Dia membawa Paulus ke lingkaran murid utama Yesus karena Paulus sendiri bukan murid maupun pernah sekadar ketemu Yesus, sementara murid-murid Yesus yang lain mencurigai Paulus adalah agen spionase Romawi.
Ananias akhirnya mati dibunuh kaum Zealot, aktivis pejuang revolusioner kemerdekaan Bani Israel karena dia ini ketahuan sebagai komprador, menjual rakyat Yahudi kepada penjajah Romawi.
Menelan matahari
Setelah murid-murid utama Yesus seperti Johanes, Petrus, Yakobus, Stevanus dibunuh secara sadis dan mengerikan, Romawi terus melakukan operasi penghancuran ajaran Yesus.
Strateginya, lestarikan merek dan wadahnya tetapi ganti isinya. Prosesnya seperti malam menelan matahari. Dari terang benderang kemudian meredup, temaram, lembayung dan akhirnya gelap gulita sama sekali. Dalam Al Quran gelap gulita ini disebut: ghosikin idza waqab.
Di dalam gelap itu segala sesuatu tidak tampak jelas. Sehingga sulit dibedakan mana yang asli dan mana yang palsu. Gelap adalah tempat menyimpan rahasia yang paling efektif. Gelap adalah tempat yang paling disukai serigala (simbol penindas, teror) dan rubah (simbol sihir) beroperasi. Gelap adalah kondisi paling disenangi pelaku kejahatan. Kegelapan hati adalah tempat berbiaknya iri dengki.
Gerakan global Islamfobia saat ini boleh dibilang mengulang sejarah para Hawariyun. Islam dan umat Islam berada dalam posisi yang sangat sulit. Dibuat takut, minder, kecut, keder dan tersipu-sipu. Kaum muslimin memegang Islam saat ini seperti menggenggam bara api.
Jangankan di negara sekuler seperti Eropa, Amerika, Kanada, bahkan di negara yang mayoritas penduduknya muslim pun terkadang sangat berat. Islam menjadi tersangka di negaranya sendiri.
Caci maki, olok-olok, sumpah serapah terhadap Islam seolah banjir yang tidak ada jeda. Selalu saja ada istilah untuk menghardik Islam. Mulai terorisme, radikalisme, eksklusifisme, kadrun. Pokoknya apapun istilah kalau sudah dikaitkan Islam menjadi negatif.
Misalnya, identitas itu milik semua kelompok, komunitas, organisasi. Tapi begitu identitas dikaitkan Islam lantas nilai pesannya jadi negatif. Sampai urusan orang shalat jumat pun disebut manggung.
Siapa dalang semua ini?
Allah sudah menunjukkan hal itu di Quran surah Al Maidah 82.

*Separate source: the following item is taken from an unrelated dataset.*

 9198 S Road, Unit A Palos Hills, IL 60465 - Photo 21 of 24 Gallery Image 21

“Pasti akan kamu dapati orang yang paling keras permusuhannya terhadap orang-orang yang beriman, yaitu orang-orang Yahudi dan orang-orang musyrik.” (Quran, Al Maidah 82)

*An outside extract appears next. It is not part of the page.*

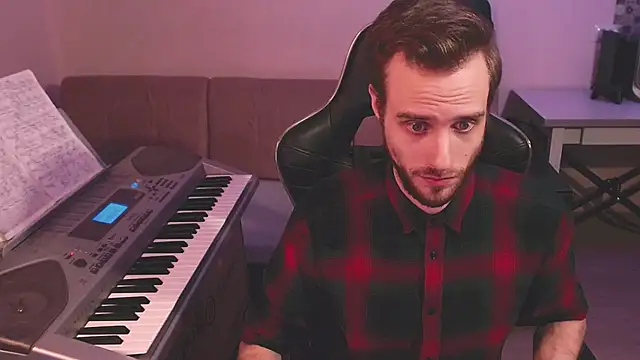 Sweetparker online show from February 25, 2025, 7:31 am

Yahudi yang mana? Tentu saja Yahudi kafir karena Quran sendiri menjelaskan adanya Yahudi mukmin.
Lantas orang musyrik ini siapa? Intinya sama dengan musyrik zaman Romawi yang menyembah sesembahan selain Allah, menganggap ada tuhan lain di samping Allah, yang menganggap Tuhan berinkarnasi sebagai manusia, Tuhan punya anak.
Gerakan global Islamfobia dengan segala variannya, akhirnya menjadi seleksi: “Siapakah yang akan menjadi penolong untuk (menegakkan agama) Allah?”
Apakah kita akan seperti para Hawariyun yang menjawab, “Kamilah penolong (agama) Allah. Kami beriman kepada Allah, dan saksikanlah, bahwa kami adalah orang-orang Muslim.”
Ataukah kita akan memilih menjadi Yudas Eskariot dan Ananias yang menjadi pengkhianat demi harta dan jabatan yang kemudian bersekutu dengan Yahudi kafir dan Romawi. Yang kalau dalam Quran, manusia demikian sudah ditunjukkan oleh Allah di surah Al Maidah 52).
“Maka kamu akan melihat orang-orang yang ada penyakit dalam hatinya (orang-orang munafik) bersegera mendekati mereka (Yahudi dan Nasrani), seraya berkata: “Kami takut akan mendapat bencana”. Mudah-mudahan Allah akan mendatangkan kemenangan (kepada Rasul-Nya), atau sesuatu keputusan dari sisi-Nya.”
Rabbi a’lam
Anwar Hudijono, wartawan senior tinggal di Sidoarjo.